How do you show the series $\dfrac{1}{3} - \dfrac{2}{5} + \dfrac{3}{7} - \dfrac{4}{9} + ... + \dfrac{{{{( - 1)}^{n - 1}}n}}{{2n + 1}} + ...$ diverges?

Answer 1

Hint:
The given series is an alternating series, to show the series diverges and use Leibnitz test for alternating series. In the Leibnitz test, we perform two steps in which the first one we check whether the series is increasing or decreasing by comparing two consecutive terms of the series. And in the second step we find the “nth” term of the series where the limit of “n” tends to infinity is equals to zero or not, if it equals to zero then series is converging otherwise diverging.

Complete step by step solution:
In order to show the series $\dfrac{1}{3} - \dfrac{2}{5} + \dfrac{3}{7} - \dfrac{4}{9} + ... + \dfrac{{{{( - 1)}^{n - 1}}n}}{{2n + 1}} + ...$ diverges, we will use Leibnitz test for alternating series.

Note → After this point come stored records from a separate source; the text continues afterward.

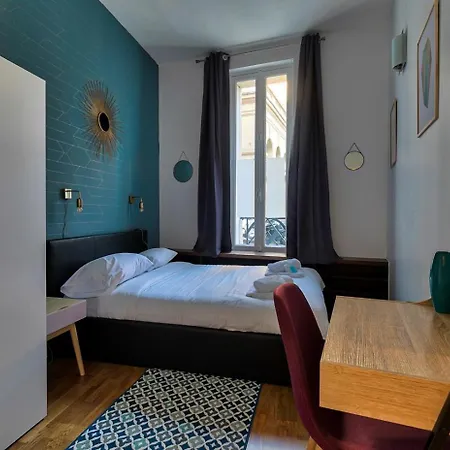 Chateaubriand - Champs Elysees 6p Apartment *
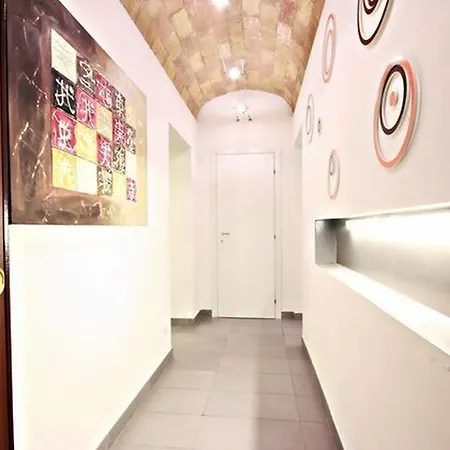 Apartment Cheap And Chic White At Coliseum Rome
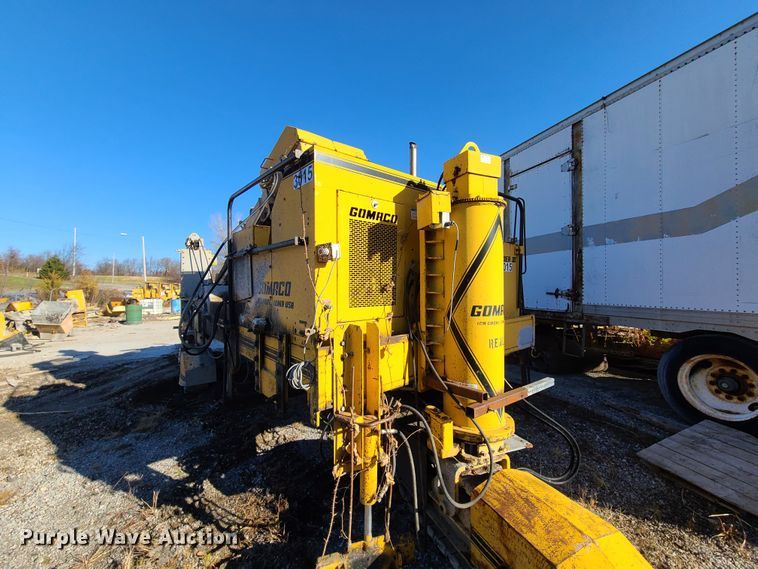 image for item HM9337 Gomaco GT6300 curb machine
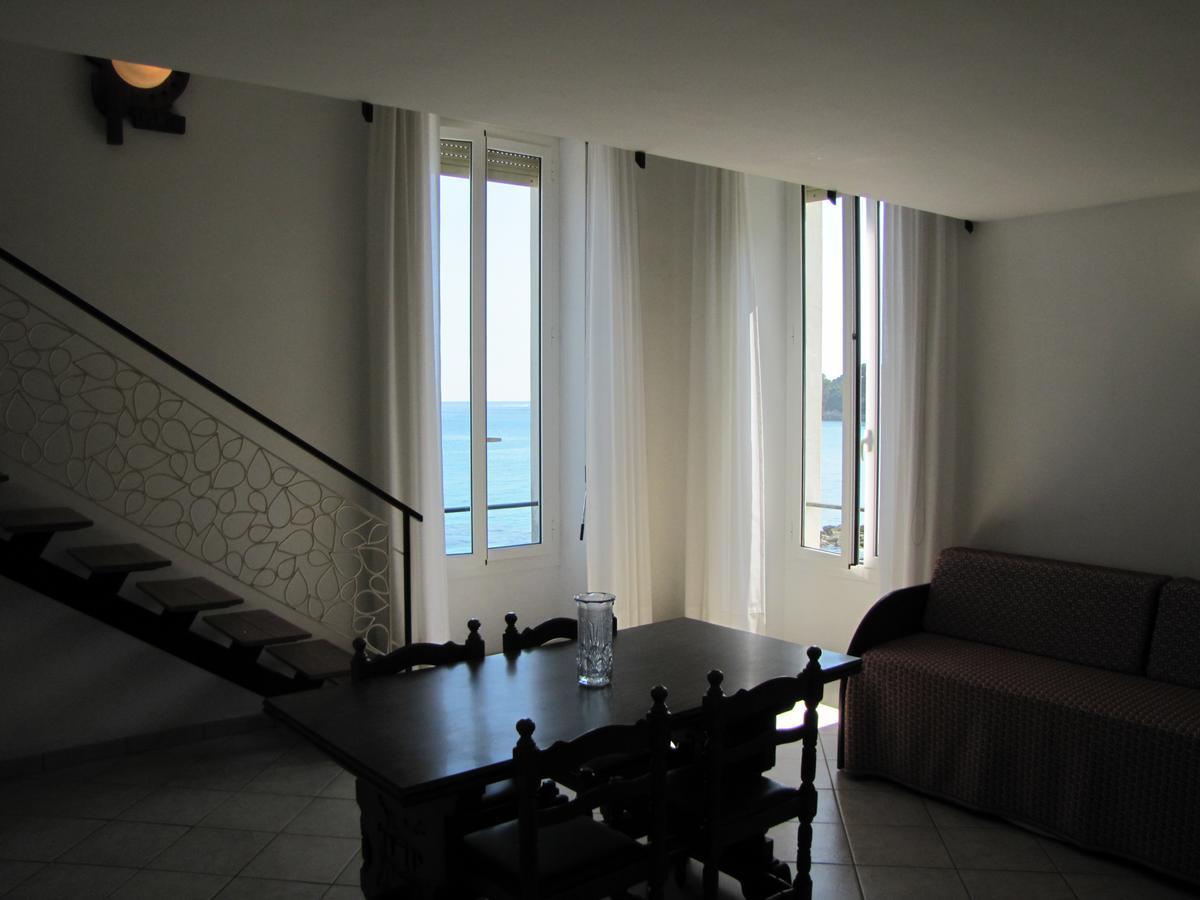 Holiday'S Beach Aparthotel Ventimiglia Exterior foto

Because the given series is an alternating series.
Now, performing the Leibnitz test as follows
First checking whether the series is increasing or decreasing:
If $\left| {{u_n}} \right| > \left| {{u_{n + 1}}} \right|$
Letting the first and second term for this test, that is $\dfrac{1}{3}\;{\text{and}}\; - \dfrac{2}{5}$
$\left| {\dfrac{1}{3}} \right| > \left| { - \dfrac{2}{5}} \right|$ it does not hold good, that means the given series is an increasing series.
Now, we will perform the second step:
We will check either the “nth” term of the series where limit of “n” is tends to infinity is equals to zero or not
$
   = {\lim _{n \to \infty }}\left| {{u_n}} \right| \\
   = {\lim _{n \to \infty }}\left| {\dfrac{{{{( - 1)}^{n - 1}}n}}{{2n + 1}}} \right| \\
   = {\lim _{n \to \infty }}\dfrac{n}{{2n + 1}} \\
 $
Diving the numerator and denominator with “n” to solve the limit,
$ = {\lim _{n \to \infty }}\dfrac{1}{{2 + \dfrac{1}{n}}}$
Now, putting the limit, we will get
$ = \dfrac{1}{2}$

Since Leibnitz test says if ${\lim _{n \to \infty }}\left| {{u_n}} \right| \ne 0$ then series diverges, therefore the given series diverges.

Note:
When taking the terms to compare in order to check if the series is either increasing or decreasing, make sure you are taking two consecutive terms and also put modulus on both terms when comparing them.